Dataset entries ▸

►

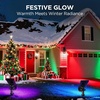 image:imageInnoGear Solar Spot Lights Outdoor Solar Lights Solar Spotlights Flag Pole Light Waterproof Landscape Lighting Outside for Flag Uplighting Backyard Patio Pathway Statue Palm Tree Sign WhiteRed  Green  Violet Purple  Blue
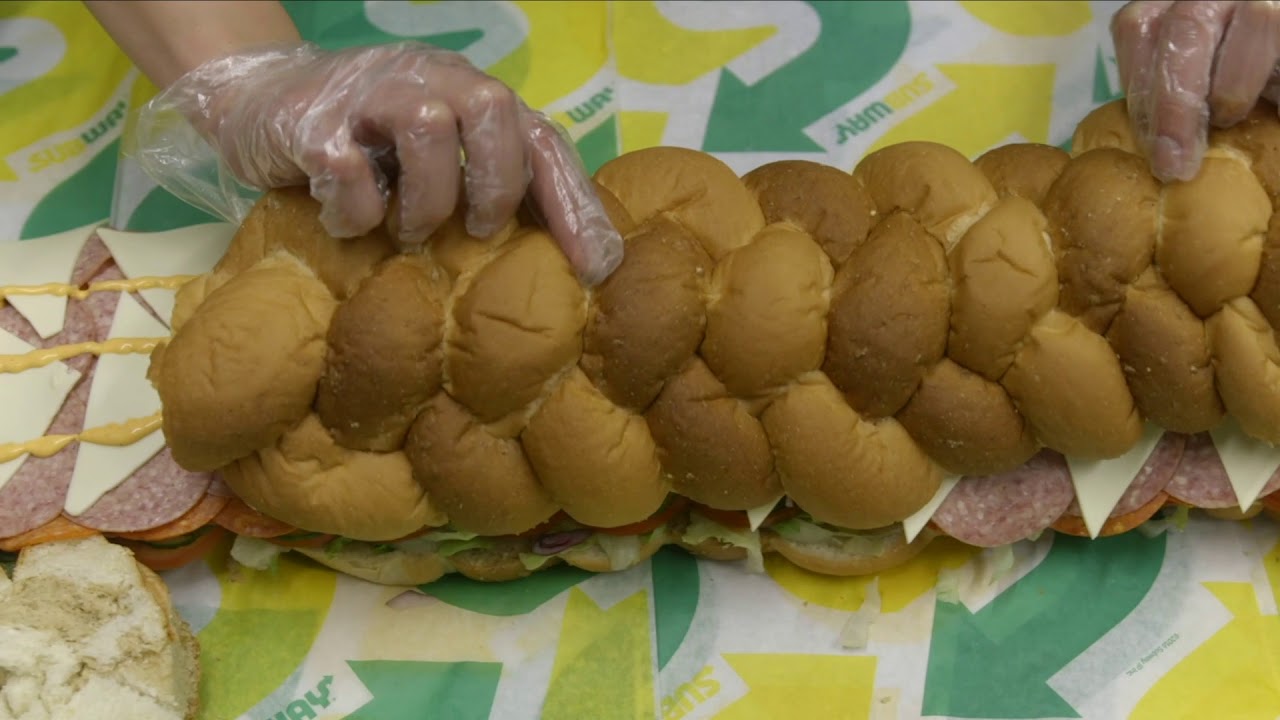 Subway have created a SIX-FOOT sub &ndash; which can feed 25 people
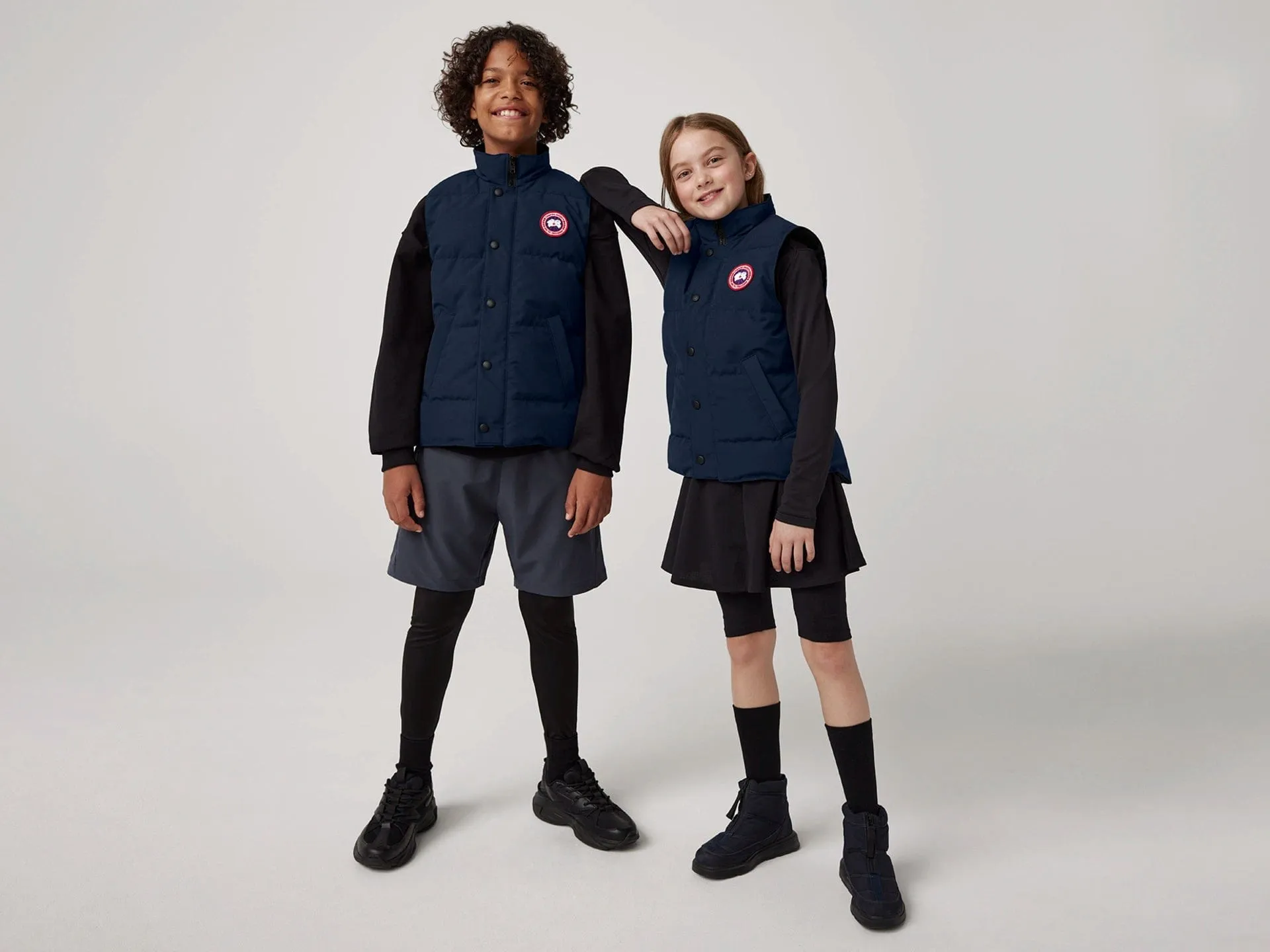 Canada Goose Kids Vanier Vest in Navy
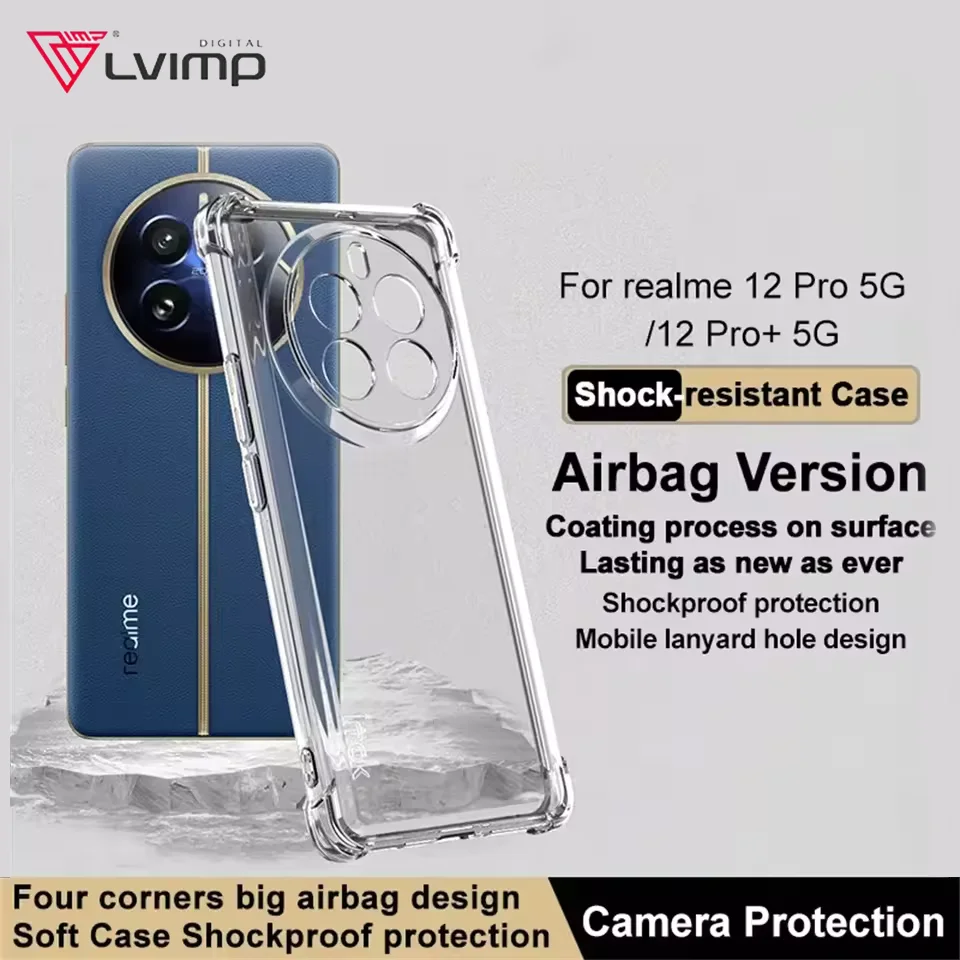 Shockproof Clear Soft Back Phone Case - Durable TPU Cover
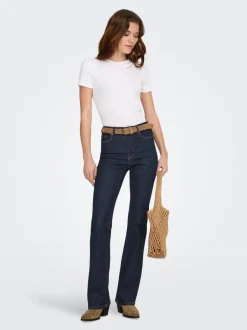 Discount ONLWAUW Høj talje Flared fit Jeans Dame Jeans|Jeans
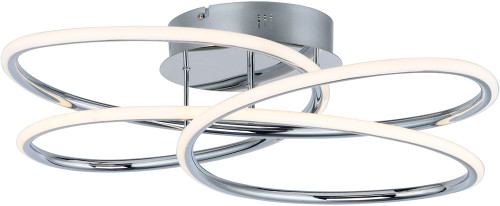 ET2 E24134-PC Coaster Modern Polished Chrome LED Ceiling Light Fixture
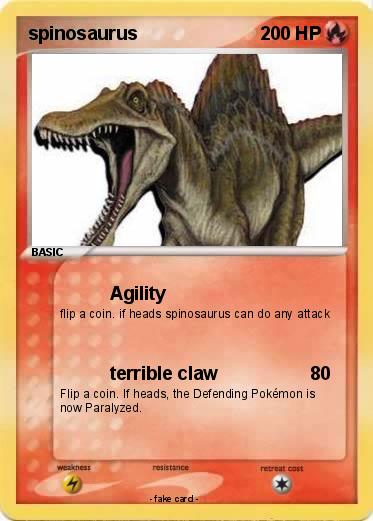 Pokemon spinosaurus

◄

Task directions ▸ Beginning with the line that contains "Discount ONLWAUW Høj", output each line of the material above through the last one exactly as it stands. Do not include the pictures.

Worked solution ▸
 Discount ONLWAUW Høj talje Flared fit Jeans Dame Jeans|Jeans
 ET2 E24134-PC Coaster Modern Polished Chrome LED Ceiling Light Fixture
 Pokemon spinosaurus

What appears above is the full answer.